The study presented in the paper pointed to a number of factors that directly affect the correlation in large percentages, but also raised a number of questions that will certainly be the subject of future research on this topic. In general, the analyzed PM concentrations, especially short-term concentration profiles, compared to the cruise ships’ data in the period from 20 August to 15 September 2022 in the Kotor Bay highlighted that the application of low-cost sensor networks and related IoT systems in the process of monitoring the impact of cruise ship traffic is justified to a substantial extent. Nevertheless, it is always recommended to conduct the monitoring campaign with the support of the relevant national authorities, aiming to perform the validation and periodical recalibration of devices with the standardized equipment prescribed by the relevant international standards.

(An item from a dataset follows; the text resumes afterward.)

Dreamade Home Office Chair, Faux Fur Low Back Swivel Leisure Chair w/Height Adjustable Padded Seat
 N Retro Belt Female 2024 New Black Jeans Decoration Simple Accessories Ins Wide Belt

Furthermore, the research indicated the need for the real-time monitoring of cruise ship activities in the Bay, potentially by implementing automatic tracking systems aiming to gather operational data with high-time resolution. In that case, the calculated PM emission values are expected to better correlate with the PM concentrations’ data captured by the Kunak sensors. Another potential course in further research may be focused on the detailed chemical analysis of particle samples collected at the Montenegrin EPA’s Air Quality Monitoring Station by applying standardized gravimetric methods to distinguish contribution levels of the air pollution from cruise ships through some of the source apportionment models.